Posted on 10th May 2024 by Joanne Stoneman

A loyal employee has suffered a disability and needs special equipment to do her job. If she also uses the equipment in her personal life, will it count as a taxable benefit for her?

Equipment for work

We first need to consider the general tax rules where employers provide accommodation (a place to work) and supplies, e.g. equipment or services, to employees. Where it is solely so that they can do their jobs it doesn’t count as a taxable benefit in kind. Conversely, a taxable benefit occurs if accommodation and supplies are provided to employees for their private use, unless an exemption applies.

Work and private use

An important exemption tackles the dilemma created where goods or services are provided to employees for work but there’s also private use. A common example is a computer and software package which is used in the office and at home, and at both locations for work and for private purposes, such as for posting on social media or keeping an eye on the cricket score.

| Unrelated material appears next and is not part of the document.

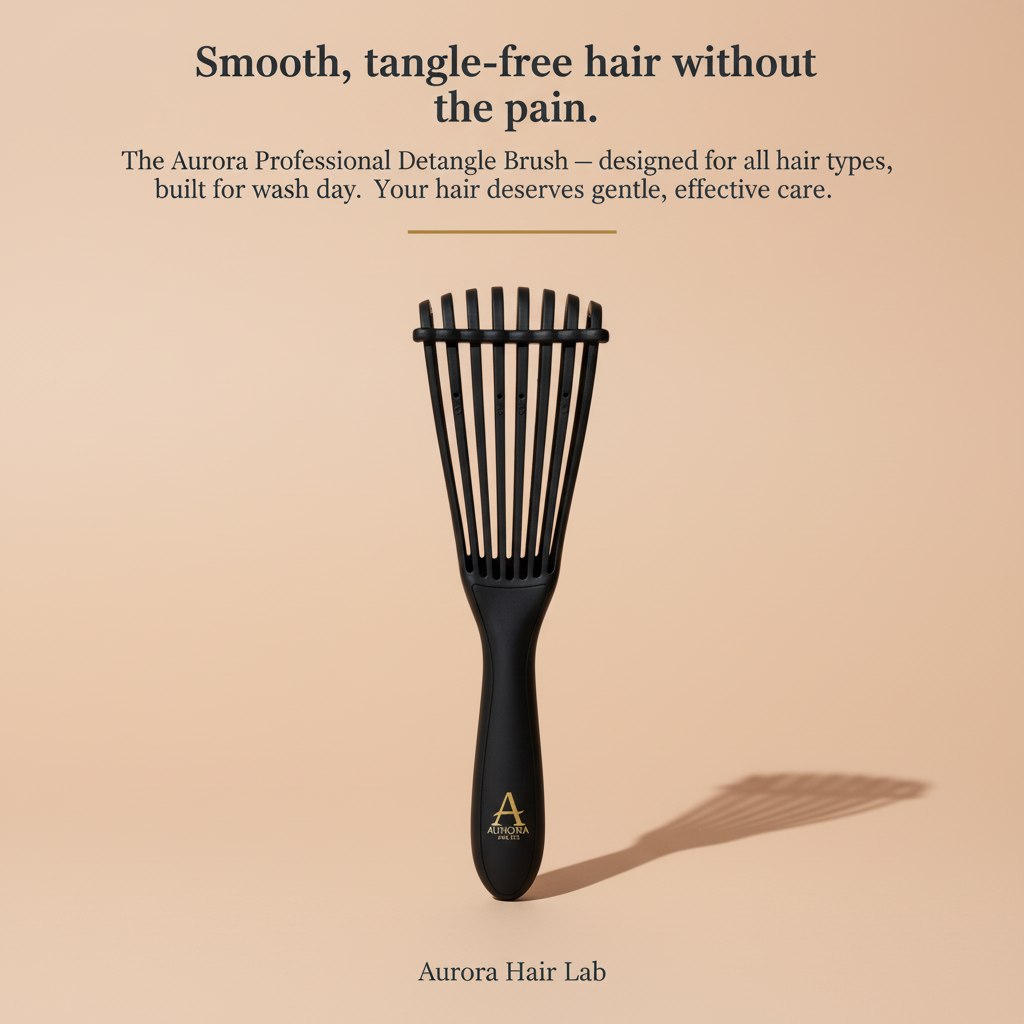 Detangle Without the Damage: Why the Aurora Detangling Brush is a Wash Day Game-Changer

A condition of the exemption prevents abuse. The condition is that the private use is “not significant”. It would, e.g. apply if a director’s company fits out an office at home which is used by the director and their family frequently for personal activity but only rarely for work.

In practice, HMRC interprets “not significant” private use generously. Where the motive for providing goods or services is clearly so that an employee can do their job, it won’t question the amount of private use unless there’s evidence that the exemption is being abused.

Significant private use

A benefit would fall foul of the “not significant” condition if an employer provided goods or services for a disabled employee such as a hearing aid, wheelchair, text-to-audio software, etc. Naturally, they are likely to use these for private purposes for “significant” periods and purposes. The good news is that HMRC has created a specific exemption for this situation. But, of course, there are more conditions. They are:

  1. The benefit is provided to a disabled employee.

  2. Its main purpose is to enable the employee to do their job.

  3. It’s a hearing aid or other equipment, services or facilities.

  4. It’s provided under the terms of statutory rules relating to equality for disabled persons in the workplace whether or not the employer has a legal duty to provide the benefit.

  5. It’s made available to the employer’s employees generally on similar terms.

Condition 5 can prevent owner managers using their company to gain a tax advantage solely for themselves.

This would not, in our view, apply to owner managers of one-person companies. If they are disabled they could use company funds to, say, provide a hearing or sight aid as a tax and NI-free benefit. What’s more, their company will be entitled to a corporation tax deduction for the cost of providing it.